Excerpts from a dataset

========

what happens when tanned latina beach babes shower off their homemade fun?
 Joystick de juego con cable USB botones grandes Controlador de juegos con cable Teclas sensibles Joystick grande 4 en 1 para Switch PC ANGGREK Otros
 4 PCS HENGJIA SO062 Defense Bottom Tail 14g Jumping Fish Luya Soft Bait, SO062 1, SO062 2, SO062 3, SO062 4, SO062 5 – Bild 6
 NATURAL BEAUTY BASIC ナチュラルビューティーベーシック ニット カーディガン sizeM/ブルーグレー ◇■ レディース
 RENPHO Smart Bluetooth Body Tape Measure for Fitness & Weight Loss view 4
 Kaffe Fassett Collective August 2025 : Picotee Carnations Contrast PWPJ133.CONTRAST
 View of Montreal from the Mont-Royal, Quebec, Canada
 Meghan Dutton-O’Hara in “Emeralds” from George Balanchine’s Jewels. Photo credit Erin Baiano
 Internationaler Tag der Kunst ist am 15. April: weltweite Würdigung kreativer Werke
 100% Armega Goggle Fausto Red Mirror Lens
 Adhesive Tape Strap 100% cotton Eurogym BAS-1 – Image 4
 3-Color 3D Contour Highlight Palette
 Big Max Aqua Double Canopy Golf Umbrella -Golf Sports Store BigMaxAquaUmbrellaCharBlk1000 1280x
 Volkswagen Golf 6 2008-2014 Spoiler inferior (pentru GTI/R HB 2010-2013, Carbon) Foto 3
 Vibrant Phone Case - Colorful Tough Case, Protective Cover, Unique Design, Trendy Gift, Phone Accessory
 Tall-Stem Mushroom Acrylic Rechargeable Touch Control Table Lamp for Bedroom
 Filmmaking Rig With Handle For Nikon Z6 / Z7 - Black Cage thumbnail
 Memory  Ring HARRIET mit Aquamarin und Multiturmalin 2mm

========

# EXERCISE GOAL
Write the "View of Montreal" line and all later lines exactly. Stop at the end of the data.

# EXERCISE SOLUTION
 View of Montreal from the Mont-Royal, Quebec, Canada
 Meghan Dutton-O’Hara in “Emeralds” from George Balanchine’s Jewels. Photo credit Erin Baiano
 Internationaler Tag der Kunst ist am 15. April: weltweite Würdigung kreativer Werke
 100% Armega Goggle Fausto Red Mirror Lens
 Adhesive Tape Strap 100% cotton Eurogym BAS-1 – Image 4
 3-Color 3D Contour Highlight Palette
 Big Max Aqua Double Canopy Golf Umbrella -Golf Sports Store BigMaxAquaUmbrellaCharBlk1000 1280x
 Volkswagen Golf 6 2008-2014 Spoiler inferior (pentru GTI/R HB 2010-2013, Carbon) Foto 3
 Vibrant Phone Case - Colorful Tough Case, Protective Cover, Unique Design, Trendy Gift, Phone Accessory
 Tall-Stem Mushroom Acrylic Rechargeable Touch Control Table Lamp for Bedroom
 Filmmaking Rig With Handle For Nikon Z6 / Z7 - Black Cage thumbnail
 Memory  Ring HARRIET mit Aquamarin und Multiturmalin 2mm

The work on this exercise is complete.